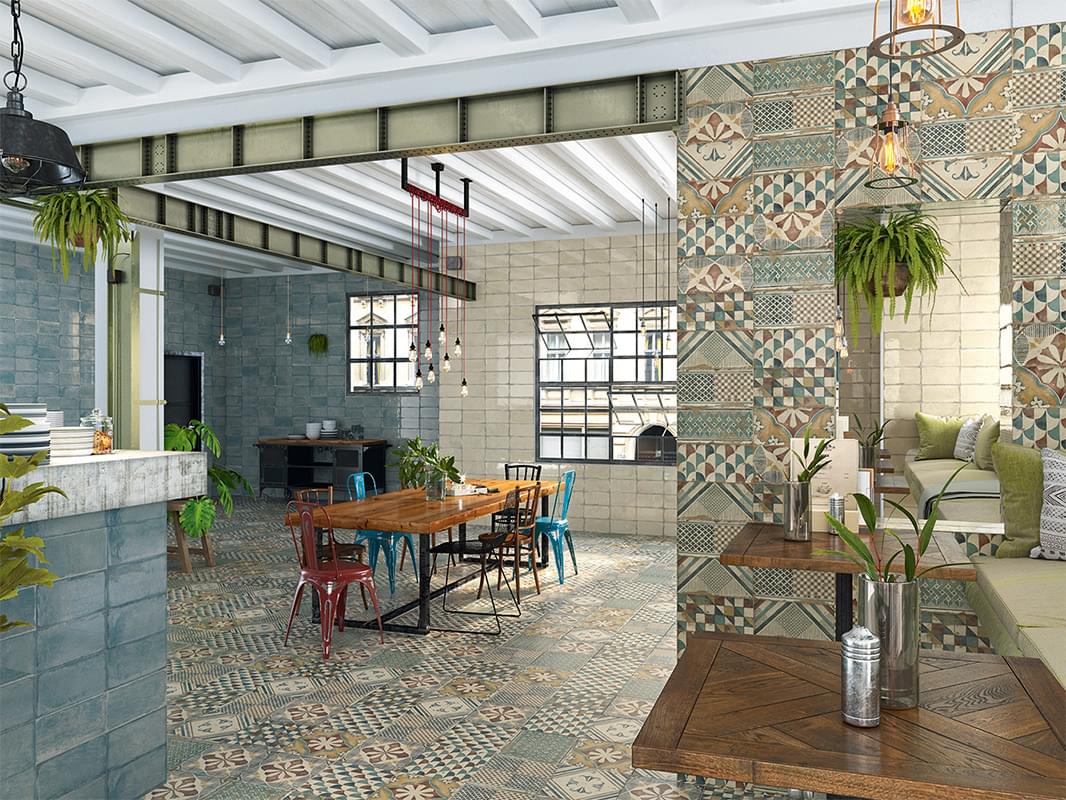 керамика фабрики Mainzu коллекция Esenzia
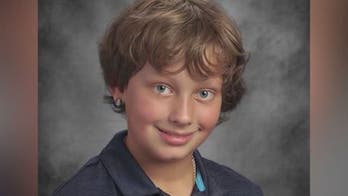 Florida boy dies from infection after twisting ankle on treadmill: 'Complete disbelief'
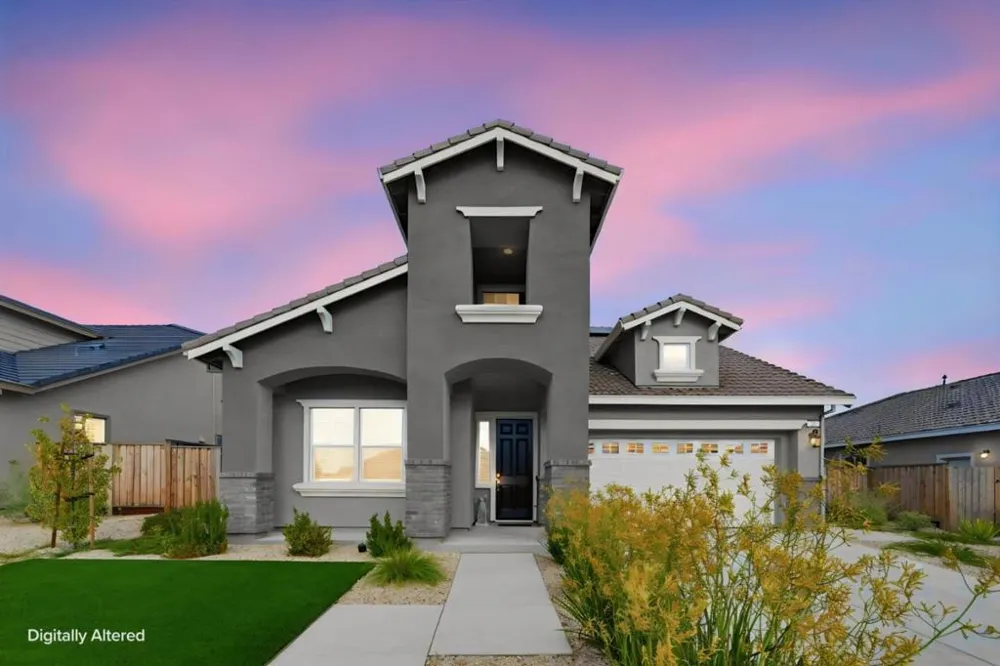20 Grapevine Court Oakley, CA 94561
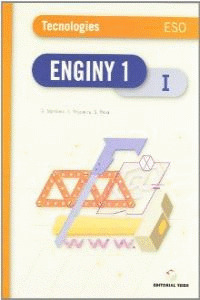 ENGINY 1. TECNOLOGIES 1R ESO (CATALUNYA) TRIMESTRAL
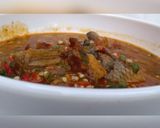 A picture of step 12 of Miyar kubewa.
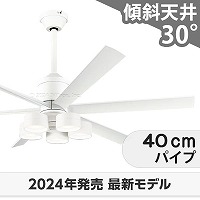 【依頼値下げ⭐️⠀】新品未使用☆シーリングファン ブラック タキズミ製シーリングファンライト【ZCE001】【生産終了品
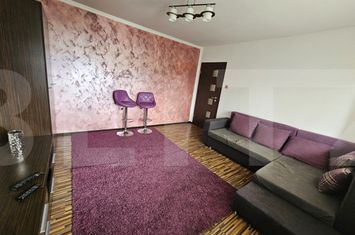 Apartament 3 camere de vanzare GIROCULUI - Timis anunturi imobiliare Timis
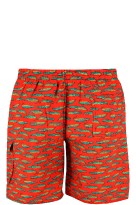 Saimon koupací šortky s kapsou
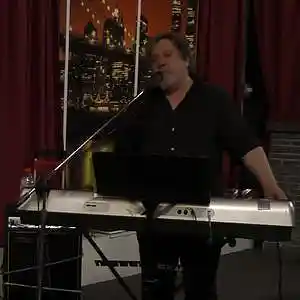 Picture for song 'A BITTER PILL live tv' by artist 'THE JDA PROJECT'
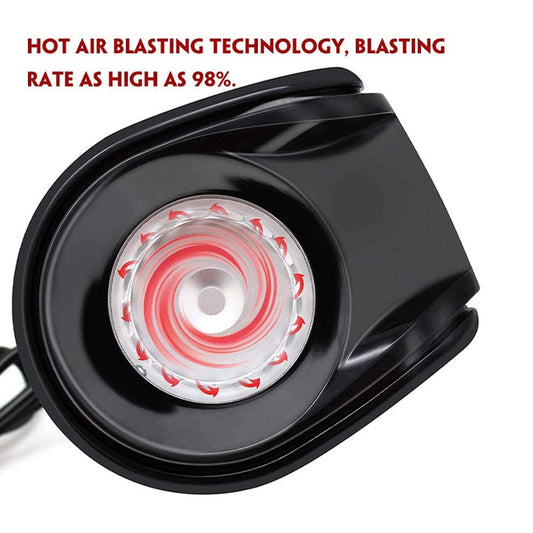 Electric Popcorn Maker Machine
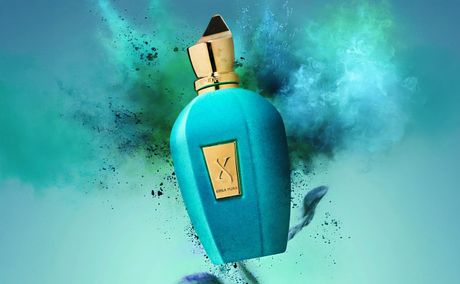 Best Xerjoff Fragrances of 2025: Luxury Perfumes Ranked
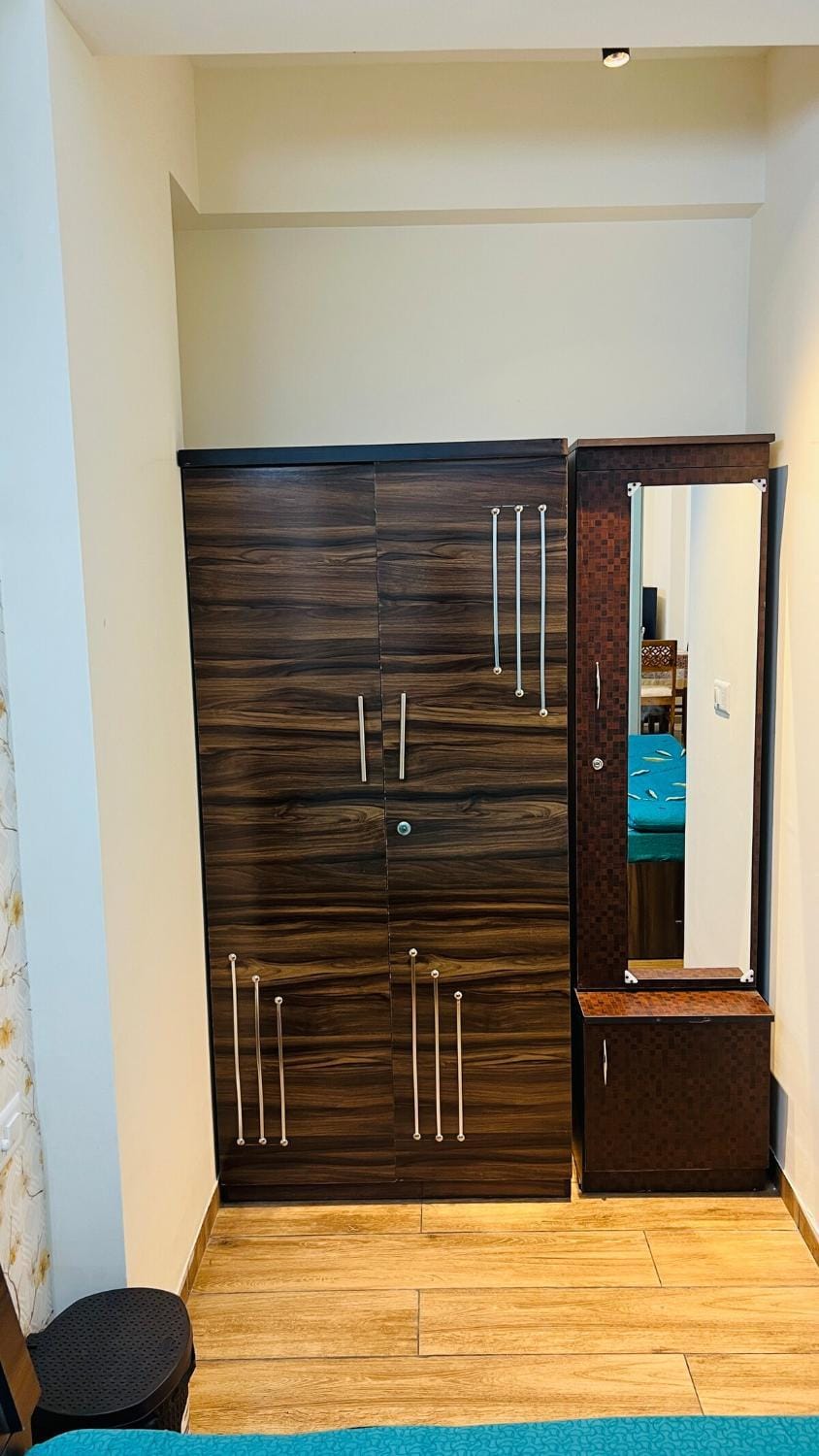 Cozy Urban Escape Apartment in Jaipur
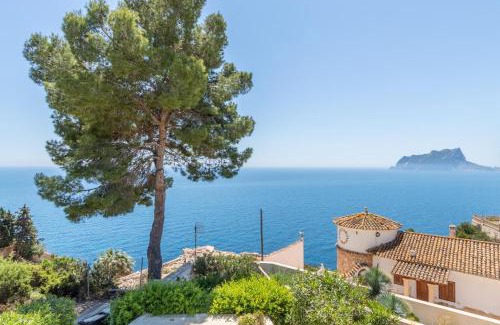 Moraira Villa | Casa Viviana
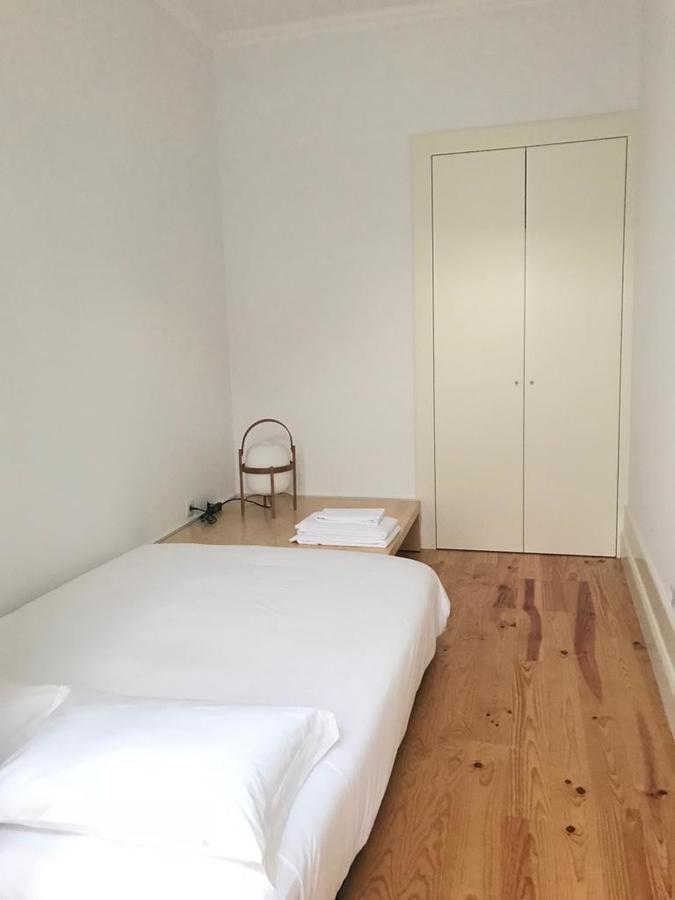 Cl Ildefonso III Apartment Porto Exterior photo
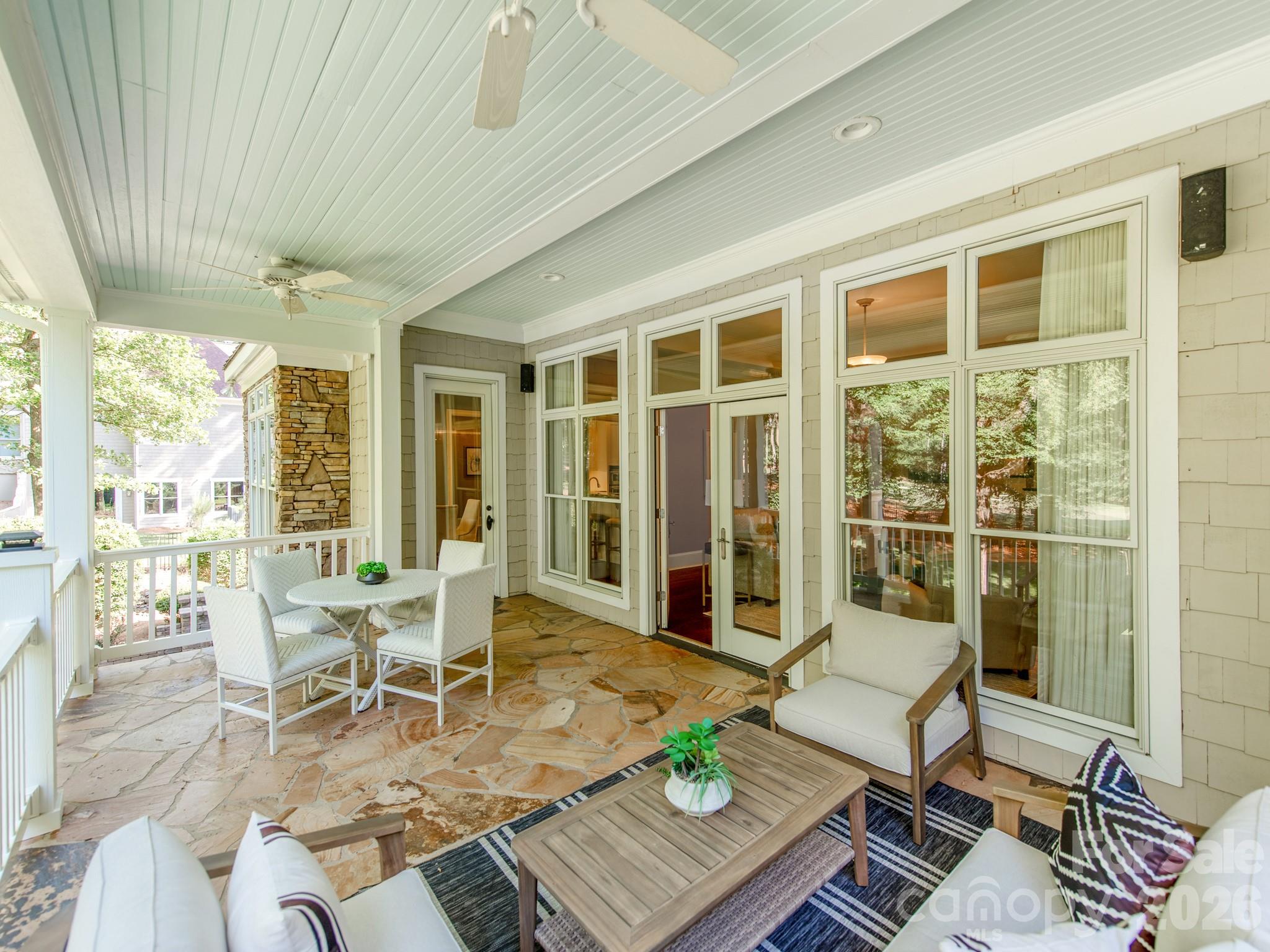 The Point - Residential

**********

**Your assignment**
Write each line exactly as it appears, from the line that holds "A picture of step 12 of Miyar kubewa." through the closing line of the data above, and leave every picture out.

**Solution to this exercise**
 A picture of step 12 of Miyar kubewa.
 【依頼値下げ⭐️⠀】新品未使用☆シーリングファン ブラック タキズミ製シーリングファンライト【ZCE001】【生産終了品
 Apartament 3 camere de vanzare GIROCULUI - Timis anunturi imobiliare Timis
 Saimon koupací šortky s kapsou
 Picture for song 'A BITTER PILL live tv' by artist 'THE JDA PROJECT'
 Electric Popcorn Maker Machine
 Best Xerjoff Fragrances of 2025: Luxury Perfumes Ranked
 Cozy Urban Escape Apartment in Jaipur
 Moraira Villa | Casa Viviana
 Cl Ildefonso III Apartment Porto Exterior photo
 The Point - Residential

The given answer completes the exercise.